**Listed records**
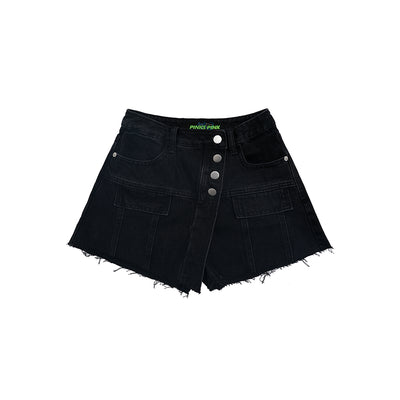 high waist denim shorts skirt in black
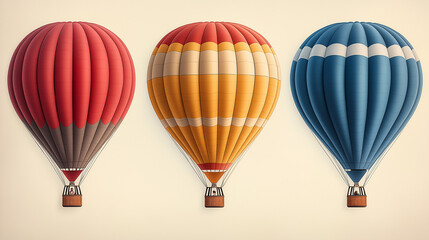 Obraz premium Hot air balloons set . digital illustration.
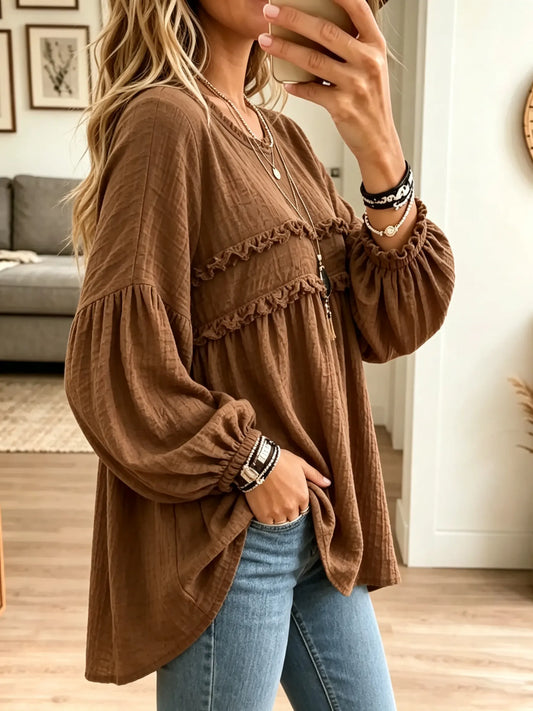 Ella - Textured Crinkle Ruffle Babydoll Tunic Blouse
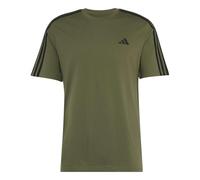 adidas Men's Essentials 3-Stripes Single Jersey Left Chest Nded Shirt, Olive Four/Black, S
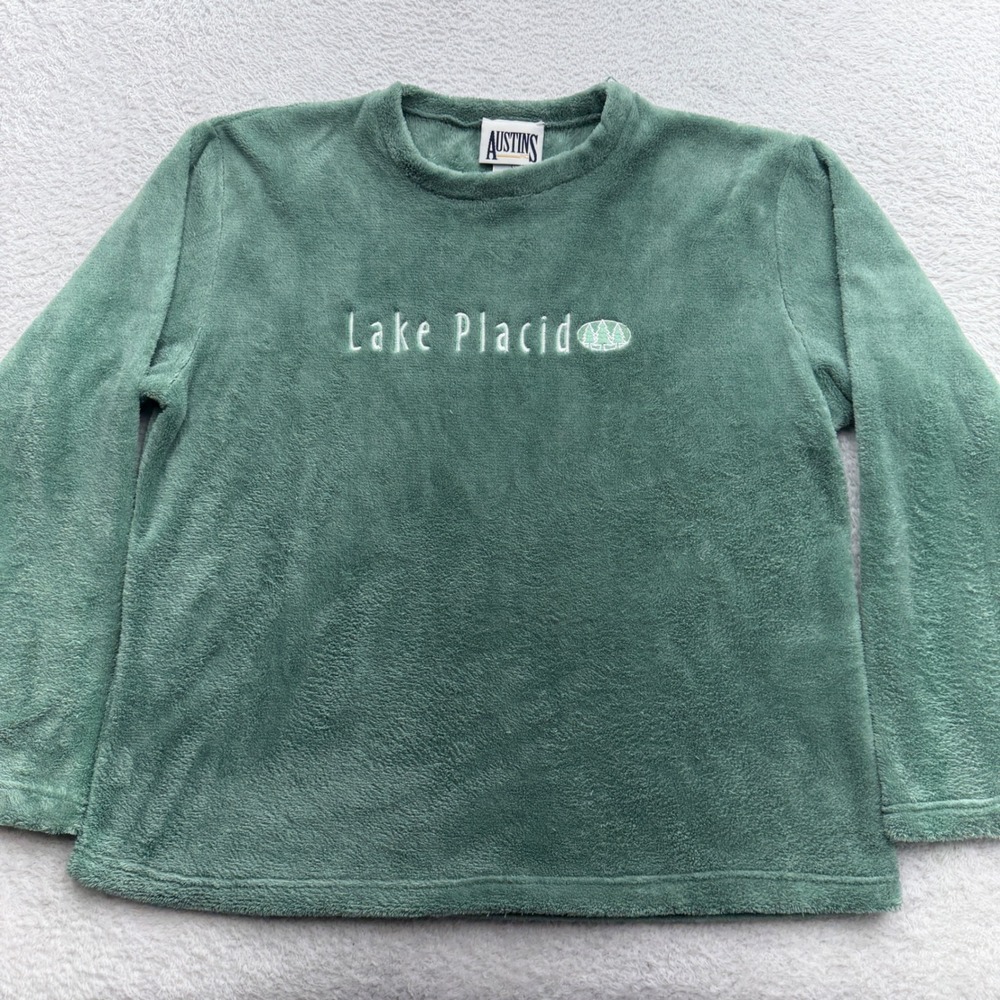 VTG‎ Austins Lake Placid Green Fleece Pullover Sweater Womens L Made in Canada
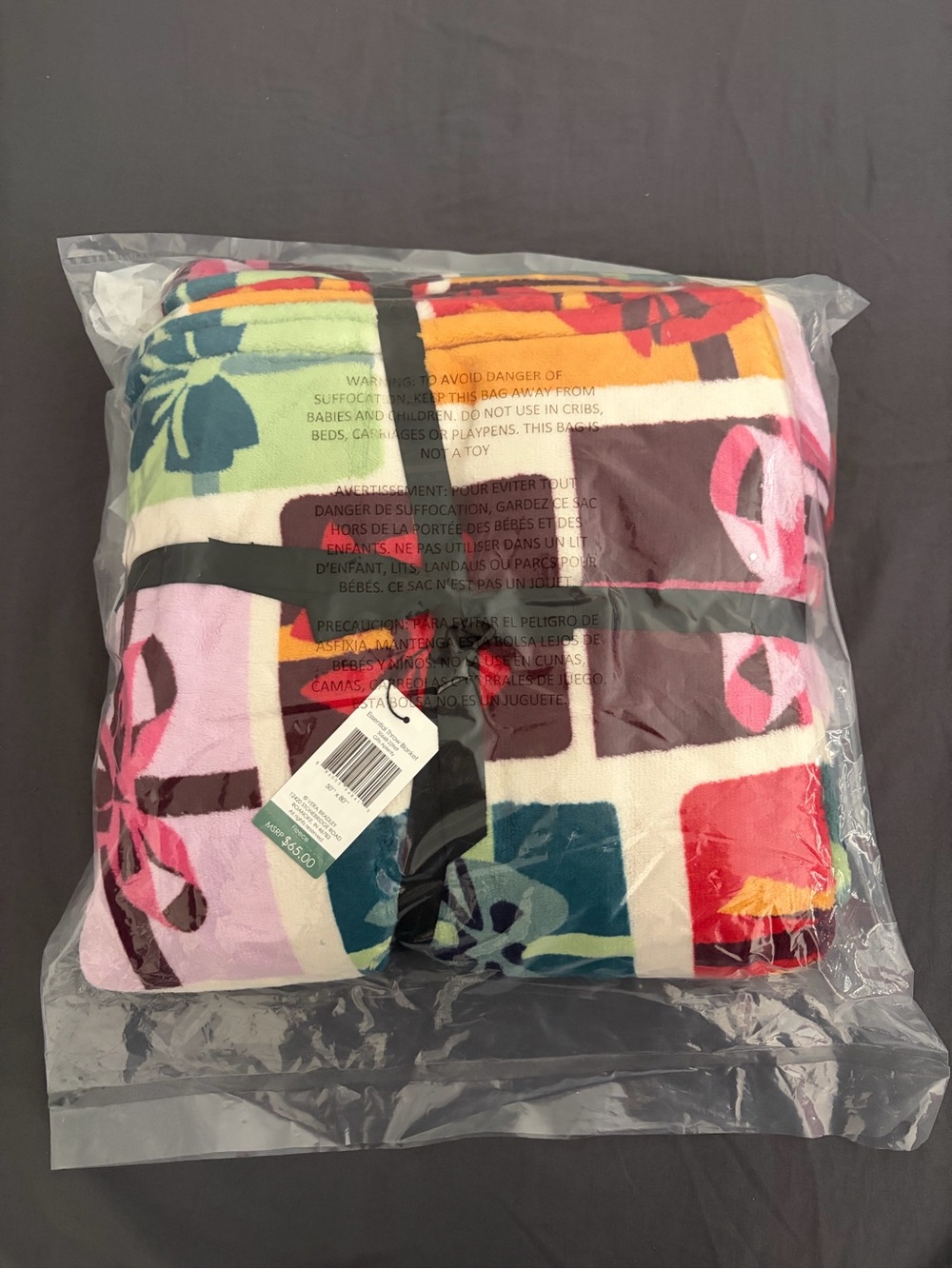 Colorful Floral Patchwork Throw Blanket
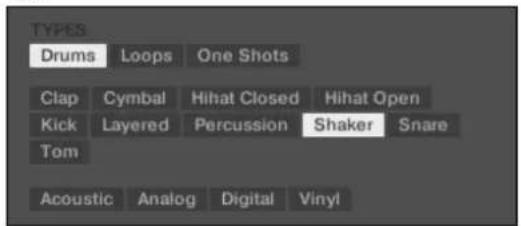 NATIVE INSTRUMENTS Maschine 2.0 MK2 - Tags (attributs) pour les Projects, Groups, Sounds et Samples : les 3 niveaux « Type » - 3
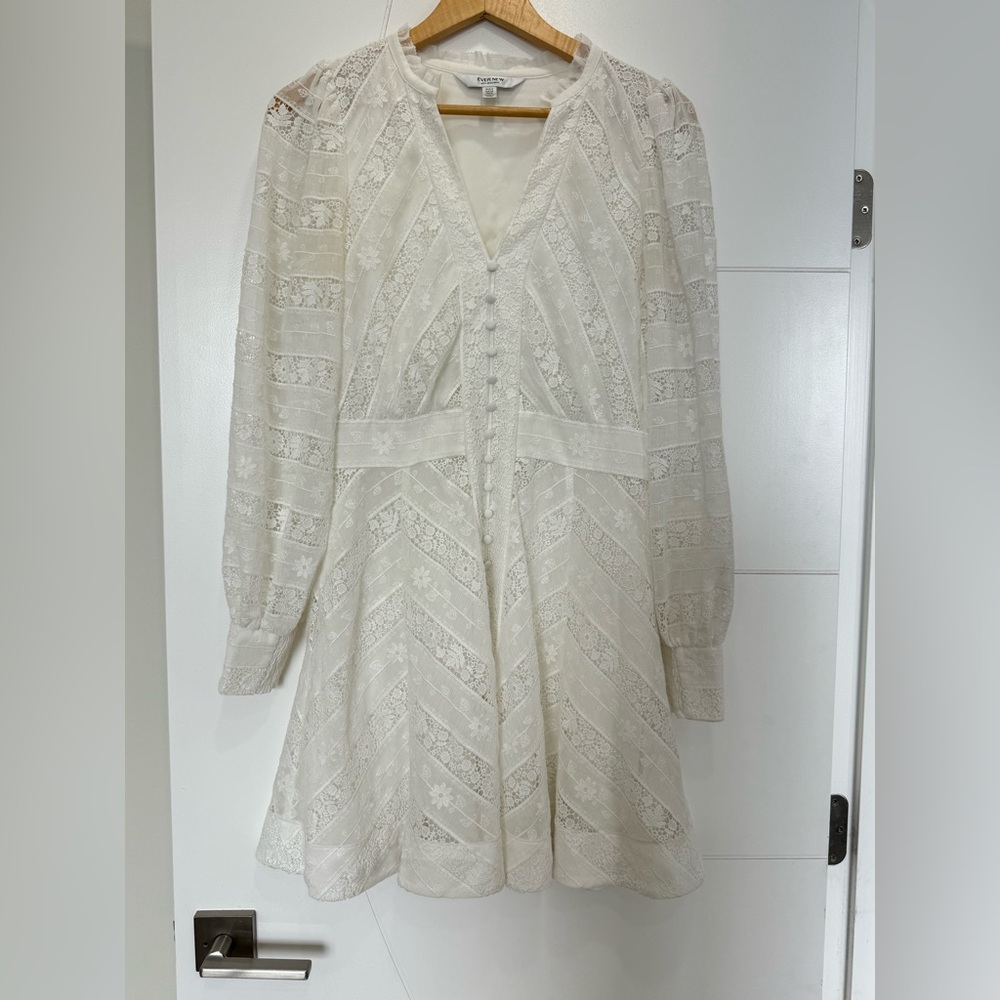 Ever New Cream Lace Long Sleeve Dress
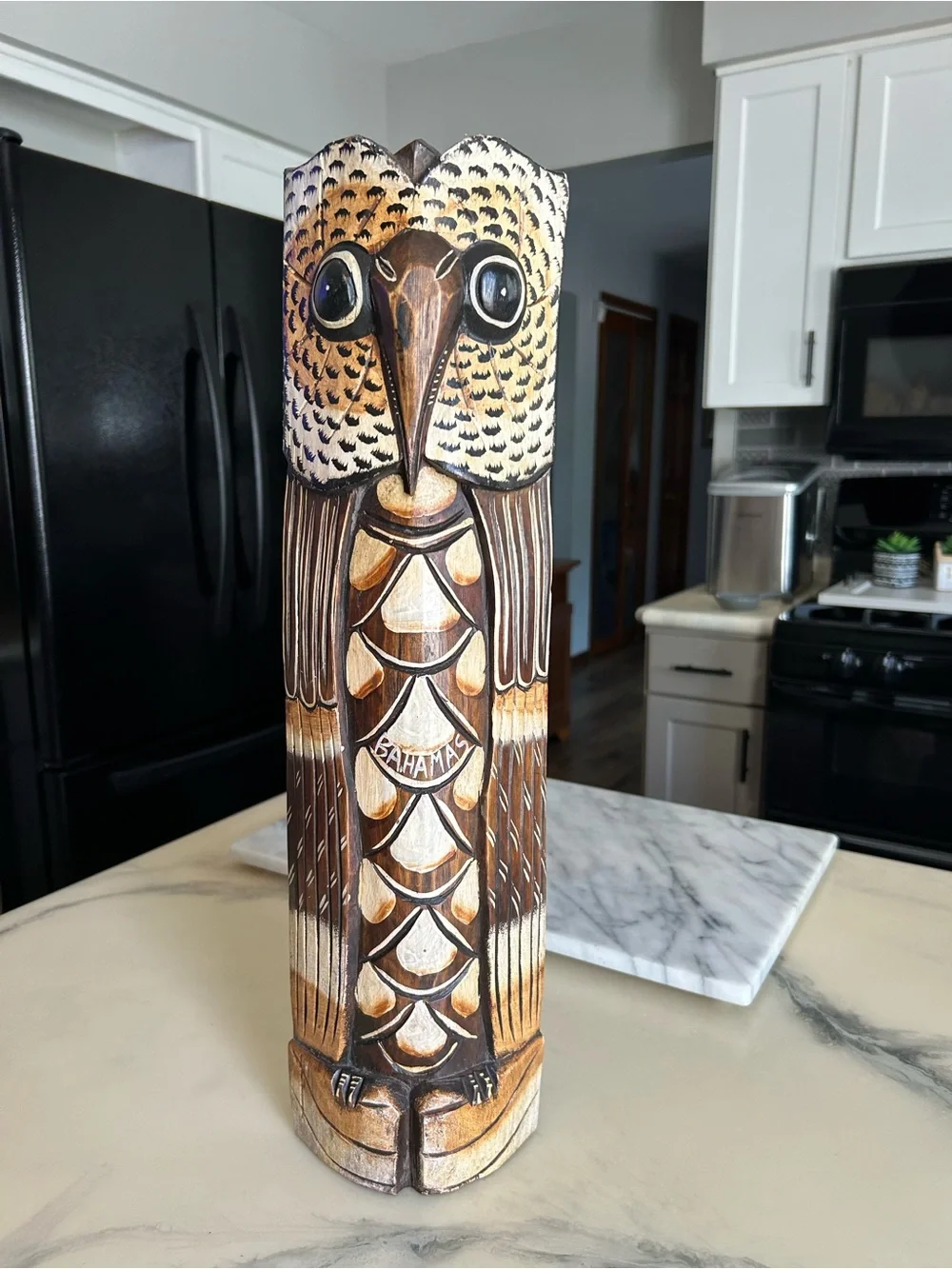 Hand-Carved Wooden Owl Tiki Statue - Brown & Cream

**Activity**
The answer is the entries above, given again exactly, with no pictures among them.

**Answer to this problem**
 high waist denim shorts skirt in black
 Obraz premium Hot air balloons set . digital illustration.
 Ella - Textured Crinkle Ruffle Babydoll Tunic Blouse
 adidas Men's Essentials 3-Stripes Single Jersey Left Chest Nded Shirt, Olive Four/Black, S
 VTG‎ Austins Lake Placid Green Fleece Pullover Sweater Womens L Made in Canada
 Colorful Floral Patchwork Throw Blanket
 NATIVE INSTRUMENTS Maschine 2.0 MK2 - Tags (attributs) pour les Projects, Groups, Sounds et Samples : les 3 niveaux « Type » - 3
 Ever New Cream Lace Long Sleeve Dress
 Hand-Carved Wooden Owl Tiki Statue - Brown & Cream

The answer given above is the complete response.